• Stored items from a collection:

-=-=-=-=-

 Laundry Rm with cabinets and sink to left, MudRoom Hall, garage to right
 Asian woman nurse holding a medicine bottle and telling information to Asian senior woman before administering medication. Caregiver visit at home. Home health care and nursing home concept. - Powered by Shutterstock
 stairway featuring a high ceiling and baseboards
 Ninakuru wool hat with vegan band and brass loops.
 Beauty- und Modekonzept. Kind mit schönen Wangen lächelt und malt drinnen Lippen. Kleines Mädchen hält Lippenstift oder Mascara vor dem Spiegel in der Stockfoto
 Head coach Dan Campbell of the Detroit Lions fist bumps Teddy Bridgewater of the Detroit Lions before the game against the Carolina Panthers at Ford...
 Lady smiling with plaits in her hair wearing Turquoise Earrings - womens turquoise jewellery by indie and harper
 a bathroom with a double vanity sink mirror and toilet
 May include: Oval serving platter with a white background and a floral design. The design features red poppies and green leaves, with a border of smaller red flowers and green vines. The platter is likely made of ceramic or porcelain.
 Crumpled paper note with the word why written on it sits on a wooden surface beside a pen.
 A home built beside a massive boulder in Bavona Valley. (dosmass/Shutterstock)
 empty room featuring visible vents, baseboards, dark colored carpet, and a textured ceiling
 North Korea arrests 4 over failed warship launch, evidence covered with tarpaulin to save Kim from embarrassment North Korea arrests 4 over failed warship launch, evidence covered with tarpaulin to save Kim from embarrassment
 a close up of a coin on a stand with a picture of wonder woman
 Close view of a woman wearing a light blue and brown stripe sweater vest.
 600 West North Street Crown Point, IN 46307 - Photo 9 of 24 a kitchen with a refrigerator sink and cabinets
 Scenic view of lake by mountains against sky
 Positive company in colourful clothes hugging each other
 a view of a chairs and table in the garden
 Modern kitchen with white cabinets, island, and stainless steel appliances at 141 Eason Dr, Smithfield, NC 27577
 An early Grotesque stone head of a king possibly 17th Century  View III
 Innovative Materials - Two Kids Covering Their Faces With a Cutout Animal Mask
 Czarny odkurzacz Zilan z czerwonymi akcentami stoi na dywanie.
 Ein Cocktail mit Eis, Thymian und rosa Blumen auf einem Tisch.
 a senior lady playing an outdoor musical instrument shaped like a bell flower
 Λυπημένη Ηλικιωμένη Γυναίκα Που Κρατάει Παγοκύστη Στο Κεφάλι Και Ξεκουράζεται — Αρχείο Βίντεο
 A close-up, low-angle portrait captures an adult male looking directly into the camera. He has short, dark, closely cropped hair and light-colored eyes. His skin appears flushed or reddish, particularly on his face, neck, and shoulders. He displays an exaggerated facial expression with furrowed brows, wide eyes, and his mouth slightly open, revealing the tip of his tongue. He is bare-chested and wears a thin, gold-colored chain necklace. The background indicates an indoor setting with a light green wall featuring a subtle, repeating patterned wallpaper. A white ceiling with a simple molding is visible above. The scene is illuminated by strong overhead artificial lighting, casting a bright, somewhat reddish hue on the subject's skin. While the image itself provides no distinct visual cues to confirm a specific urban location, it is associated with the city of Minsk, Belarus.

-=-=-=-=-

• WORK TO BE COMPLETED:
The reply should contain all of the entries exactly as shown above.

• ANSWER FOR THE TASK:
 Laundry Rm with cabinets and sink to left, MudRoom Hall, garage to right
 Asian woman nurse holding a medicine bottle and telling information to Asian senior woman before administering medication. Caregiver visit at home. Home health care and nursing home concept. - Powered by Shutterstock
 stairway featuring a high ceiling and baseboards
 Ninakuru wool hat with vegan band and brass loops.
 Beauty- und Modekonzept. Kind mit schönen Wangen lächelt und malt drinnen Lippen. Kleines Mädchen hält Lippenstift oder Mascara vor dem Spiegel in der Stockfoto
 Head coach Dan Campbell of the Detroit Lions fist bumps Teddy Bridgewater of the Detroit Lions before the game against the Carolina Panthers at Ford...
 Lady smiling with plaits in her hair wearing Turquoise Earrings - womens turquoise jewellery by indie and harper
 a bathroom with a double vanity sink mirror and toilet
 May include: Oval serving platter with a white background and a floral design. The design features red poppies and green leaves, with a border of smaller red flowers and green vines. The platter is likely made of ceramic or porcelain.
 Crumpled paper note with the word why written on it sits on a wooden surface beside a pen.
 A home built beside a massive boulder in Bavona Valley. (dosmass/Shutterstock)
 empty room featuring visible vents, baseboards, dark colored carpet, and a textured ceiling
 North Korea arrests 4 over failed warship launch, evidence covered with tarpaulin to save Kim from embarrassment North Korea arrests 4 over failed warship launch, evidence covered with tarpaulin to save Kim from embarrassment
 a close up of a coin on a stand with a picture of wonder woman
 Close view of a woman wearing a light blue and brown stripe sweater vest.
 600 West North Street Crown Point, IN 46307 - Photo 9 of 24 a kitchen with a refrigerator sink and cabinets
 Scenic view of lake by mountains against sky
 Positive company in colourful clothes hugging each other
 a view of a chairs and table in the garden
 Modern kitchen with white cabinets, island, and stainless steel appliances at 141 Eason Dr, Smithfield, NC 27577
 An early Grotesque stone head of a king possibly 17th Century  View III
 Innovative Materials - Two Kids Covering Their Faces With a Cutout Animal Mask
 Czarny odkurzacz Zilan z czerwonymi akcentami stoi na dywanie.
 Ein Cocktail mit Eis, Thymian und rosa Blumen auf einem Tisch.
 a senior lady playing an outdoor musical instrument shaped like a bell flower
 Λυπημένη Ηλικιωμένη Γυναίκα Που Κρατάει Παγοκύστη Στο Κεφάλι Και Ξεκουράζεται — Αρχείο Βίντεο
 A close-up, low-angle portrait captures an adult male looking directly into the camera. He has short, dark, closely cropped hair and light-colored eyes. His skin appears flushed or reddish, particularly on his face, neck, and shoulders. He displays an exaggerated facial expression with furrowed brows, wide eyes, and his mouth slightly open, revealing the tip of his tongue. He is bare-chested and wears a thin, gold-colored chain necklace. The background indicates an indoor setting with a light green wall featuring a subtle, repeating patterned wallpaper. A white ceiling with a simple molding is visible above. The scene is illuminated by strong overhead artificial lighting, casting a bright, somewhat reddish hue on the subject's skin. While the image itself provides no distinct visual cues to confirm a specific urban location, it is associated with the city of Minsk, Belarus.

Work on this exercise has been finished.